‘Nightmare without end’: Action needed to tackle rights abuses against Afghan women and girls, activist says

The international community must step up to hold the Taliban accountable for human rights abuses in Afghanistan, a year after the militant Islamist group seized control of the country and curtailed the rights of women and girls, says a Humans right’s defender.

“Honestly, this last year has been a complete, never-ending nightmare,” Heather Barr, associate director of the Women’s Rights Division at Human Rights Watch, told CTV National News. “Women have been stripped of all their rights, and girls too.”

She also took aim at countries, including Canada, that claim to have a foreign policy that supports women’s rights but are not pushing hard enough to bring about the change that is needed.

“If your feminist foreign policy doesn’t mean standing up and providing leadership and taking practical steps to try to address the most serious women’s rights crisis in the world right now, which is Afghanistan, what does your feminist foreign policy mean?” barr said.

The Taliban celebrated the first anniversary on Monday since the group seized the Afghan capital of Kabul.

The seizure of the Afghan capital came as the US prepared to withdraw the last remaining troops from the country, a move that would prove chaotic as Afghans rushed to Kabul International Airport in a desperate attempt to flee.

The United States would finally withdraw its forces from Afghanistan at the end of August 2021, ending its 20-year war in the country and the longest in US history.

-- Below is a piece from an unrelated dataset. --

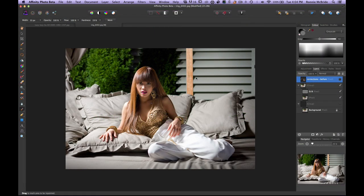Hey guys, welcome back to Mixed Media Salad, a channel created for you by you. I am your host Ronnie McBride, and today — and over the next few weeks — I'm going to focus on one feature at a time in Affinity Photo Beta. I'm not going to do full tutorials; I'm just going to talk about each feature and how I may use it within the application.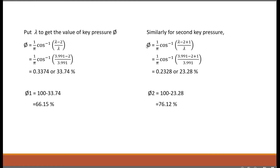For the second key pressure at the second point, we add 1 to the numerator to get the formula (1/π) × cos⁻¹((λ − 1)/λ). You may find this formula in books by S.K. Garg or B.C. Punmia as lambda minus one upon lambda. Upon substituting lambda = 3.991, we get the second key pressure as 23.28%.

With millions in Afghanistan facing food shortages, teenage girls are also barred from going to school and women must cover themselves from head to toe in public, showing only their eyes.

In addition to banning girls from attending secondary school, Barr says the Taliban has limited access to work for women, with some also losing wages due to the country’s economic crisis.

The Taliban have also prevented women from seeing male health professionals, Barr added, and have “dismantled” systems to protect women from gender-based violence.

“We have seen women protesting these policies on Saturday,” she said, “but the Taliban’s response to those protests has been absolutely brutal, including arresting, kidnapping and abusing women and forcing them into false confessions.”

Barr wrote a letter, published Monday by the online news agency Rukhshana Mediain which he apologized to his country, the United States and others who promised to uphold the rights of women and girls in Afghanistan but later broke that promise.

“The world has turned the page too easily on Afghanistan,” he wrote.

Barr called the response of the UN and countries around the world to human rights violations against Afghan women and girls “weak.”

She urged the UN Human Rights Council and other UN bodies to put pressure on the Taliban to ensure that their officials are held accountable, whether through travel bans or other sanctions, for violating the rights of women and girls.

“The Taliban cannot kill the spirit of Afghan girls and women, and the world owes them its support,” Barr said. “The road is long and brutally hard, but I know you fight every day. We see your courage.”


Check out the interview with Heather Barr at the top of the article. With archives from CTVNews.ca Web Reporter Rhythm Sachdeva and The Associated Press.